WORK REQUEST - Look below for the line that contains "Forme D'expression English", then copy it and each following line exactly, through and including the line that contains "Eine gelbe isolierte".
AVAILABLE RECORDS section start
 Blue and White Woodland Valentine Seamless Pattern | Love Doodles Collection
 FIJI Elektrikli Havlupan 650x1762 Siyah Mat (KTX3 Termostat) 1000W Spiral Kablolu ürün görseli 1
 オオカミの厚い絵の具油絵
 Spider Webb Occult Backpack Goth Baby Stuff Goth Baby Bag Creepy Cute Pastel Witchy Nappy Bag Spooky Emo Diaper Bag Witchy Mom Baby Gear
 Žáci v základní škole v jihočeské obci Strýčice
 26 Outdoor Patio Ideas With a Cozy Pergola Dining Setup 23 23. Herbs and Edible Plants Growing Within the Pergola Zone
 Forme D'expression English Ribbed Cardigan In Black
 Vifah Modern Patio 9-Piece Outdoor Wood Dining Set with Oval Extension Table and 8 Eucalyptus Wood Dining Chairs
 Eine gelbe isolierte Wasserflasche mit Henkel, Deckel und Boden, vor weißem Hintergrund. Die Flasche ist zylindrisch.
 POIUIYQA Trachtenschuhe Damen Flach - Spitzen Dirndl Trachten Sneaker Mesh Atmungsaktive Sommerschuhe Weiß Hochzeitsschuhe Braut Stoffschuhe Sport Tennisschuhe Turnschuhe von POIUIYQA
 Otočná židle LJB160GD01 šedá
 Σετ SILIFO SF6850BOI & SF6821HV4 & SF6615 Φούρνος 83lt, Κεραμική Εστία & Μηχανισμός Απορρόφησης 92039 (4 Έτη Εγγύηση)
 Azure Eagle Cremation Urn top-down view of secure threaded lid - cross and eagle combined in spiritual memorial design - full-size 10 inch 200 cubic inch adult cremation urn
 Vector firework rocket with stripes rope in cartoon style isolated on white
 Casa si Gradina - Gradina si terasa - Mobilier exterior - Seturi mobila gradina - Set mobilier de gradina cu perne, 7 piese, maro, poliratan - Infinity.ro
AVAILABLE RECORDS section end
TASK SOLUTION -
 Forme D'expression English Ribbed Cardigan In Black
 Vifah Modern Patio 9-Piece Outdoor Wood Dining Set with Oval Extension Table and 8 Eucalyptus Wood Dining Chairs
 Eine gelbe isolierte Wasserflasche mit Henkel, Deckel und Boden, vor weißem Hintergrund. Die Flasche ist zylindrisch.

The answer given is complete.